Eliana went to a friend working in the campus Office of Multicultural Affairs and was instructed to submit her experience to the OSU violations complaint site, BART. [The BART site “receives, monitors, refers, and as necessary, coordinates university responses to hate and bias-related incidents that . . . may involve bias or hate as a result of age, ancestry, color, disability, gender identity or expression, genetic information, HIV/AIDS status, military status, national origin, race, religion, sex, sexual orientation or veteran status,” according to their website. Students file a report here: Student Life Bias Report. The Newark Dean’s office contacted her and worked with her to move dorm rooms quickly and safely, and they asked that the posts be taken down. Eliana packed her bags and moved into a temporary dorm until the start of the spring semester. “The worst part about this experience was that even though I maintained myself and kept my cool, there was talk that I threatened the girls with my radical Islamic beliefs and made them scared as Christians. Despite my character, people bought into the stereotypical angry ‘Arab-Hebraic Middle Easterner’ storyline.” Eliana responded by showing them how wrong they were. She reached out personally to apologize for any misunderstanding, and says she has forgiven the situation.

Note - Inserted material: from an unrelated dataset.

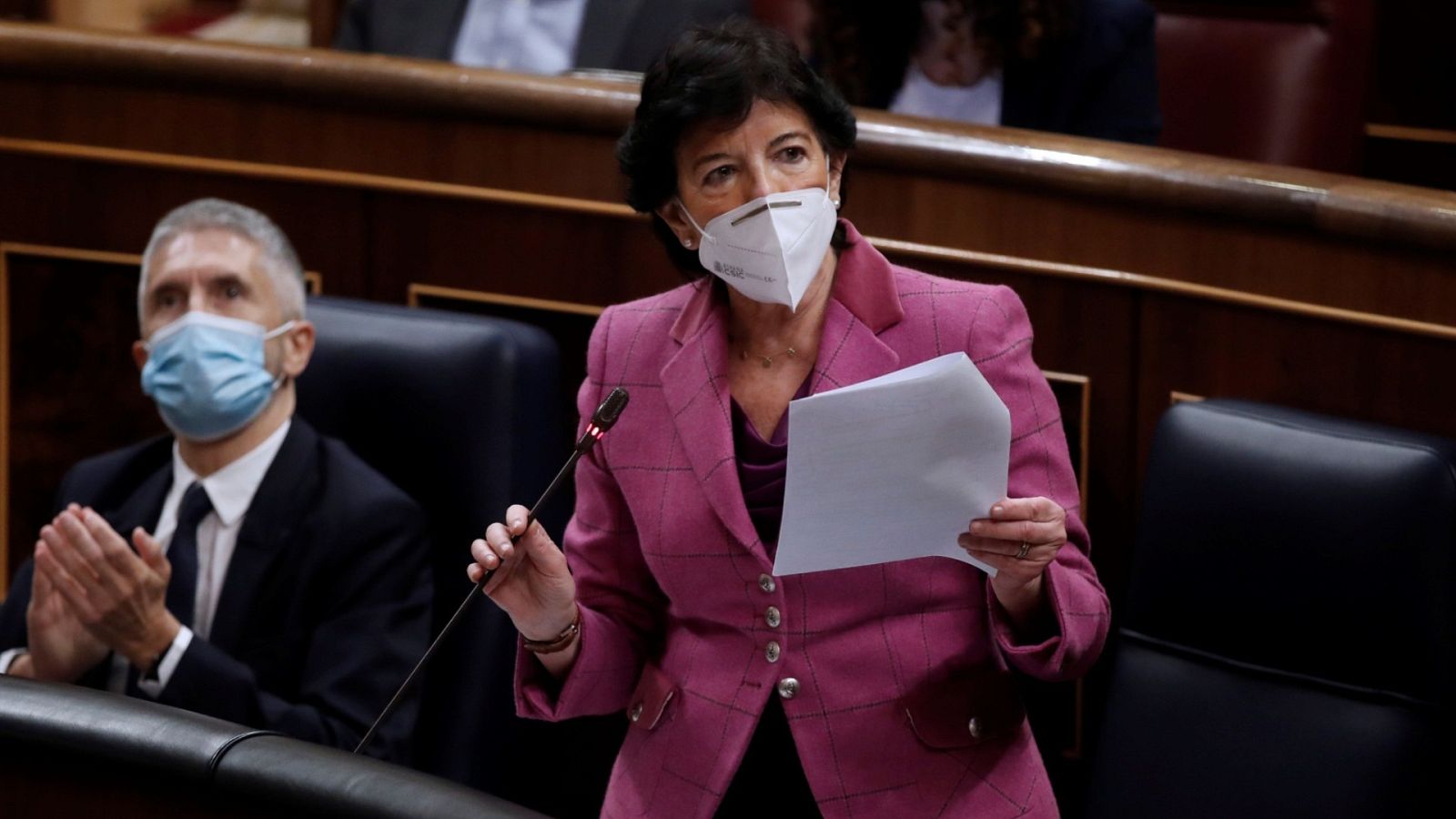 El Tribunal Constitucional admite a trámite los recursos de PP y Vox contra la 'ley Celaá'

Thankfully, not all negative racial interactions are as awful as those experienced by Ana, and they tend to be the products of ignorance rather than contempt. “People just assume I’m Mexican,” says Euclides, a Guatemalan first year political science major. “Not everyone from South America is from Mexico. Stereotypes are hurtful,” he explains in his friendly comedic voice. Students believe that more opportunities to get together with each other would help break down any stereotypes and foster real understanding, so the natural waxing and waning of campus clubs on a commuter campus can be problematic. For instance, the LGBTQ club, once quite active, has shifted into a group that has little information and no meetings. “It’s not that people hate gay people, but no one wants to be first to come out to their friends,” explains John. “Everyone assumes that just because you like the same gender, that you must be into everyone in that gender. It can create some awkward situations when many of your friends think that everything you say is innuendo.”

Older students have more resources to handle such misunderstandings. As a senior, Steven has lived through profound changes in the campus climate during his eight years here. A proud gay man, Steven has been an active member of the community at Newark Campus through his roles as an Academic Coach and his time working in the Office of Multicultural Affairs. Whether on or off campus, Steven is proud to be who he is and has no qualms expressing himself. “I feel comfortable anywhere I go,” he states. “I am a pretty open person, and I couldn't care less what others think of me. You either like me or you don't; whichever case one chooses is their choice.”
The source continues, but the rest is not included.